*** Opening of Study material ***
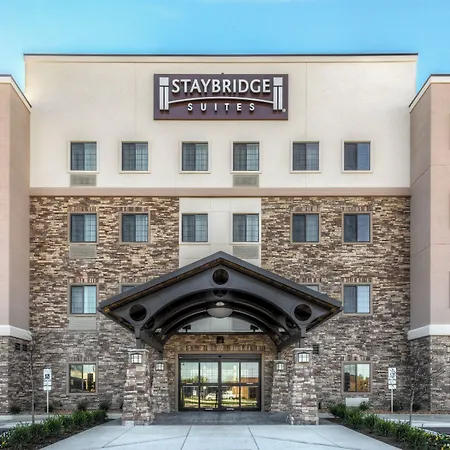 Staybridge Suites St Louis - Westport By Ihg-3
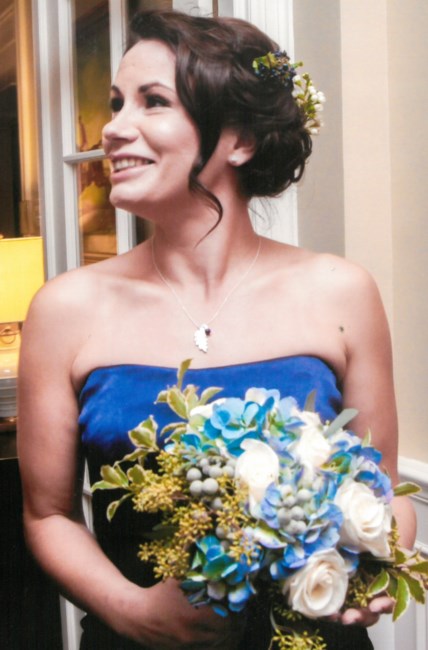 Obituary of Kathryn (Katie) Ann Carol Niedoba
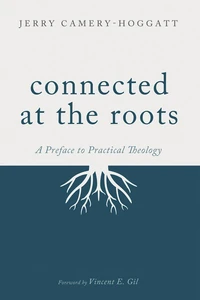 Cover of Connected at the Roots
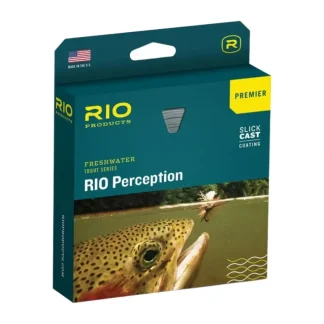 RIO Premier Perception Fly Line Sale - Your Premium Fishing Gear Store Rods Lines Baits Accessories* Fishing Line
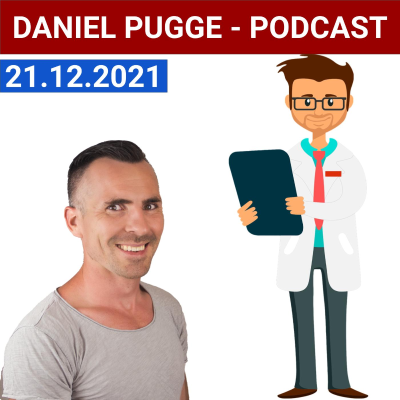 episode Ketogen bei Krebs, Epilepsie, Alzheimer und Parkinson artwork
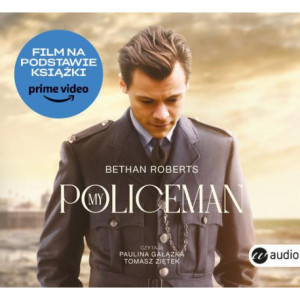 My Policeman [Audiobook] [mp3]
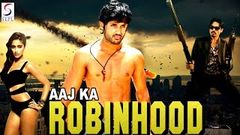 Aaj Ka Robinhood - Dubbed Full Movie | Hindi Movies 2016 Full Movie HD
*** Close of Study material ***
## What needs to be done
From the first line to the last, set down the records word for word and drop the images.

## Result of this task
 Staybridge Suites St Louis - Westport By Ihg-3
 Obituary of Kathryn (Katie) Ann Carol Niedoba
 Cover of Connected at the Roots
 RIO Premier Perception Fly Line Sale - Your Premium Fishing Gear Store Rods Lines Baits Accessories* Fishing Line
 episode Ketogen bei Krebs, Epilepsie, Alzheimer und Parkinson artwork
 My Policeman [Audiobook] [mp3]
 Aaj Ka Robinhood - Dubbed Full Movie | Hindi Movies 2016 Full Movie HD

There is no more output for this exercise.